This article is part of a larger series that presents a number of ways a will or estate plan could be challenged. Taking these potential threats under consideration is critical when planning your estate and they are often overlooked until it’s too late.
One of the most important steps in one’s life is creating an estate plan. Having a solid estate plan can determine not only your future, but the future of any benefactors such as children, grandchildren, and charitable organizations. Like any legal proceeding, everything must be carefully documented to ensure success.
There are several types of documents to consider when creating an estate plan. Each of these documents has different standards/requirements, some of which vary based on the state of residence and income level. Usually, for any legal document, there’s also a set of parameters regarding legal capacity that must be followed such as being eighteen years of age or legally emancipated if a minor. Checking state laws is a key step and hiring a highly regarded estate planning attorney will be able to verify that your will falls under legal guidelines.
In most instances, a will must be put into writing in order to be considered valid, but in approximately twenty states, oral wills are permitted under certain circumstances. Wills must be signed and notarized by several parties, most importantly the testator, which is the individual who makes the will. In situations where the testator is incapacitated, an elected official who goes through official channels can sign on your behalf. Witnesses are typically required to notarize the will, but in certain states, witnesses aren’t necessary in the case of holographic wills. Most states do not have the same set of strict guidelines for trusts, which don’t need to be executed with specific testamentary formalities. Both wills and trusts typically require notarization as in most states, it puts the document in a “self-proving” state. With notarization, witnesses already have signatures verified so they don’t have to be tracked down in an instance of contestation.
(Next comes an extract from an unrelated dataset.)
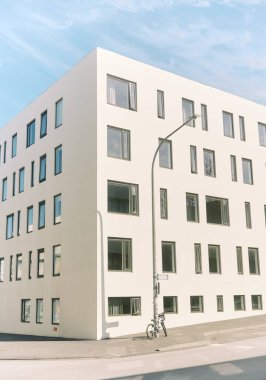 Birçok penceresi ve park edilmiş bisikleti olan beyaz minimalist bina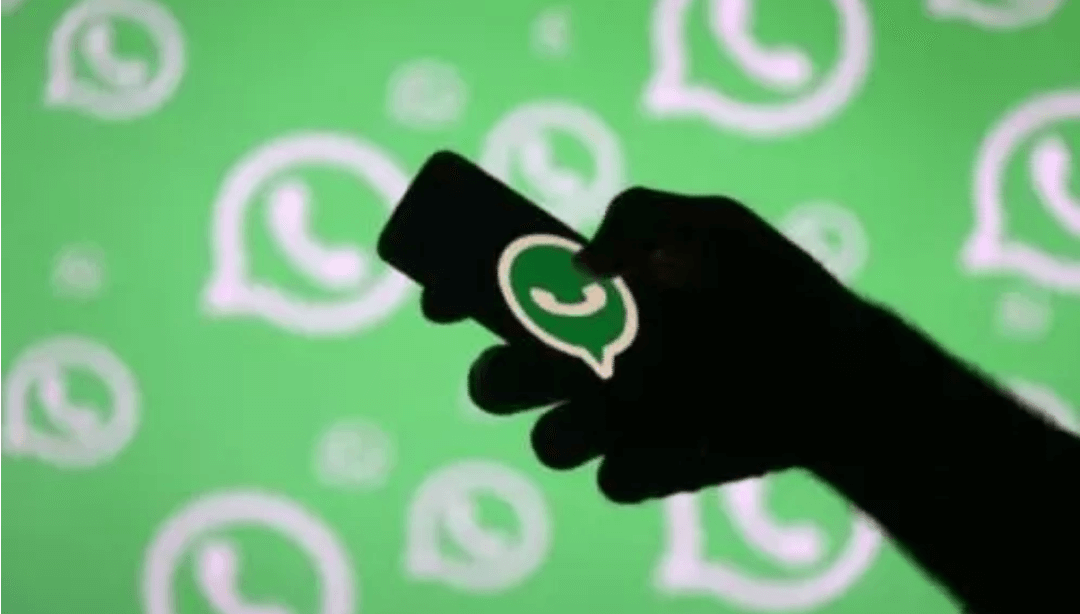 Siluet tangan memegang smartphone dengan logo WhatsApp di layar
The execution process, although it appears to be one of the easiest steps in the officiation process, can actually be one of the messiest and most complex. The number of ways the execution process can be messed up is endless – something as simple as signing the document in the wrong order, having a witness out of the room during the official proceedings, and even forgetting to sign a document. Oversight from an estate planning attorney is essential to avoid some of these seemingly frivolous errors.
Sample Case: Taylor makes the decision to leave all of her assets to her best friend and finds an outline for a Will via a brief google search. After Taylor creates the will, she lets it sit for five years until she passes away due to a medical condition. Taylor’s friend, Abby, receives the will after Taylor’s untimely demise and goes to her bank. She speaks with a teller about how to notarize her signature and get anything the will left. Abby is invited back to the bank supervisor’s office where the document is signed and THEN she returns to the front, asking two additional bank employees to officially witness the document. In this case, neither witness physically say the bank supervisor and Abby signing the Will so it is deemed invalid
Unfortunately, these types of issues don’t surface until death. Once the creator of the will dies, the will can’t be amended or changed. When an issue like this arises, anything under the will falls under intestacy laws within the state the will was made in.
The easiest way to avoid this challenge is to work with an estate planning attorney. Any reputable estate planning attorney would have confirmed that Abby needed witnesses to be in her presence to validate the will. From a short term perspective, money has been saved by all parties by electing to not get an estate planning attorney, but in the long run, the surviving party suffers because the will is invalid.